Portland Police Association office set on fire amid protests By Rebecca Klar
Portland Police Association office set on fire amid protests
The Portland, Ore., Police Association office was set on fire Saturday night amid protests throughout the city, police said in a statement Sunday.
Around 10:45 p.m. people broke into the Portland Police Association office and ignited a fire “within a few moments.” Police declared the situation a riot, according to the statement.
Several people in the crowd were arrested and officers were able to distinguish the fire, police said. Portland Police did not use any CS gas, according to the statement.

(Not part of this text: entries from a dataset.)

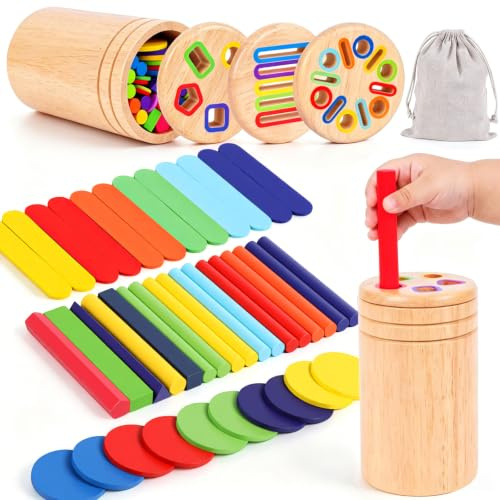 YODUENO Montessori Spielzeug ab 1 Jahr, 4-in-1 Holzspielzeug Farbe Sortierspiel Spielzeug ab 1 2 3 Jahre Mädchen Jungen Baby Spielzeug Sensorik Spielzeug Geschenk Mädchen Jungen 1 2 Jahre Steckspiel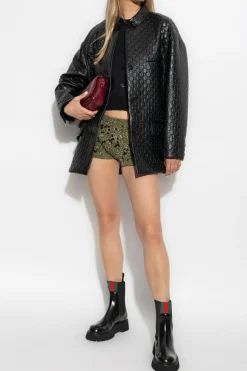 Gucci CZARNY Skórzana kurtka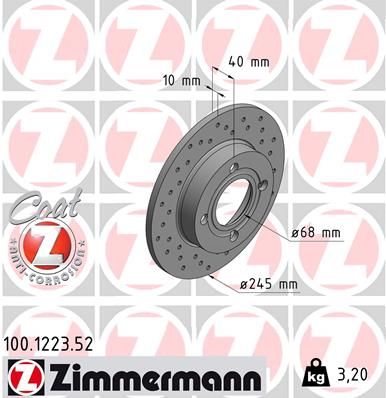 ZIMMERMANN Тормозной диск 100.1223.52
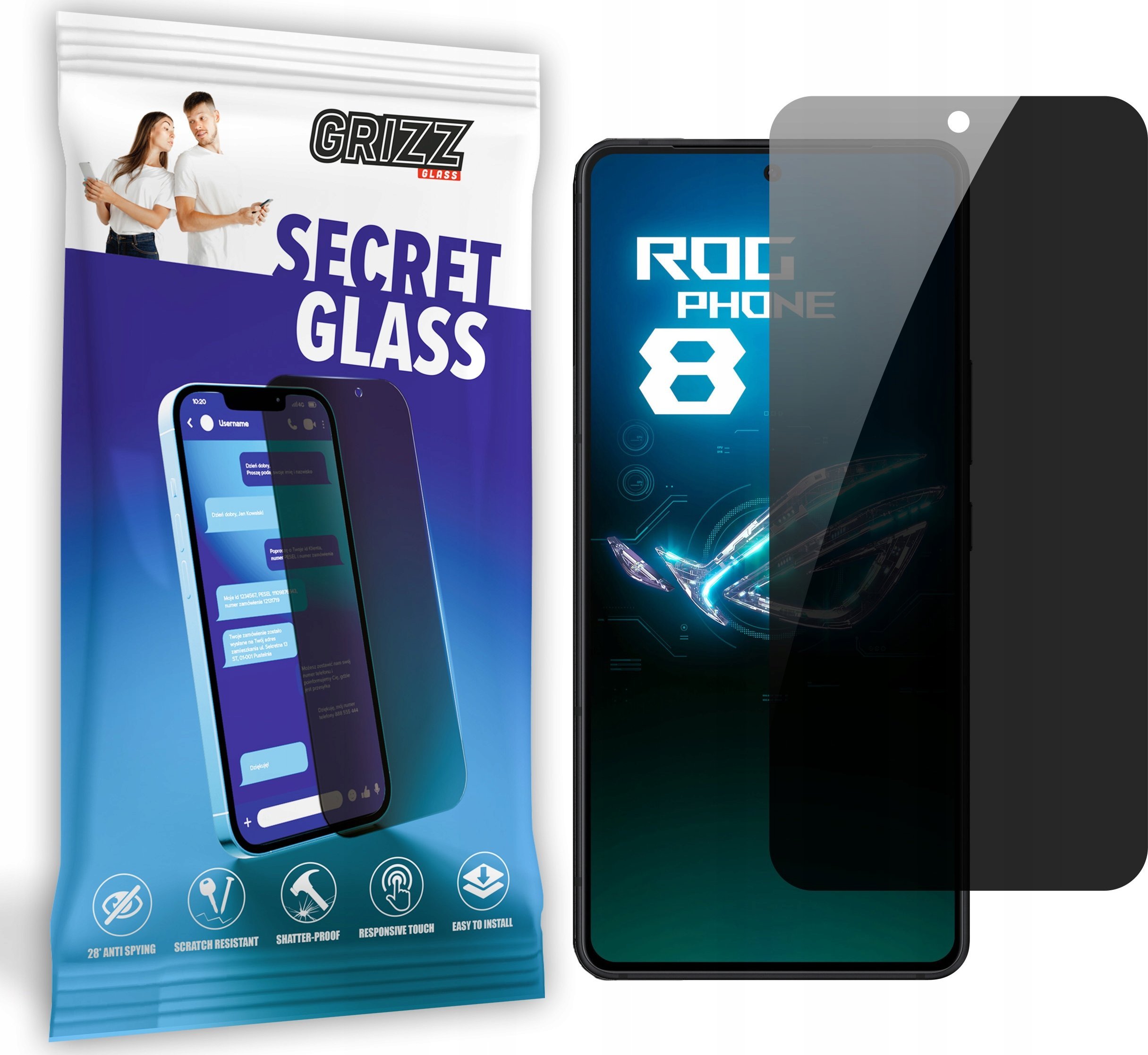 GrizzGlass Szkło prywatyzujące GrizzGlass SecretGlass do Asus ROG Phone 8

Tear gas was deployed, The Associated Press reported citing pictures and videos from the scene, but the newswire noted it was not necessarily CS gas.
Police said groups scattered into the neighborhood, with a large number people regrouped near North Interstate Avenue and North Lombard Street. As officers moved the crowd to the south on North Interstate Avenue, people in the crowds “threw rocks, gopher gassers, and launched paint filled balloons at officers,” injuring some officers, police said.
The crowd was broken into smaller groups around 11:30 p.m. and “order was restored,” police said.
People also gathered in a crowd downtown near the Justice Center and Federal courthouse tore down fences around Chapman Square Park and Lonsdale Square Park that had been put in place when the parks were closed or needed repair, police said.
People also removed fencing around the Federal Courthouse and used it to barricade doors there, police said. Federal law enforcement came to address the crowd at some point as Portland Police were working in north Portland at the time, police said.
Portland Mayor Ted Wheeler (D) on Sunday called for the Trump administration to remove federal troops from the city. He said the federal law enforcement presence is “leading to more violence and more vandalism” and is “not helping the situation at all.”
“They’re not wanted here, we haven’t asked them here. In fact, we want them to leave,” the mayor said on CNN’s “State of the Union.”
President Trump tweeted Sunday morning that he is “trying to help Portland, not hurt it.”
“Their leadership has, for months, lost control of the anarchists and agitators. They are missing in action. We must protect Federal property, AND OUR PEOPLE. These were not merely protesters, these are the real deal!,” Trump tweeted.
The president’s tweet in defense of the federal troops sent to Portland came after Oregon Attorney General Ellen Rosenblum (D) sued federal agencies on Friday over the detention of protesters. The American Civil Liberties Union also filed a similar lawsuit against federal agencies over deploying the agents to quell demonstrators in Portland.
Wheeler said Sunday he agrees that the Trump administration’s actions in his city are breaking the law.
“The tactics that the Trump administration are using on the streets of Portland are abhorrent,” he said.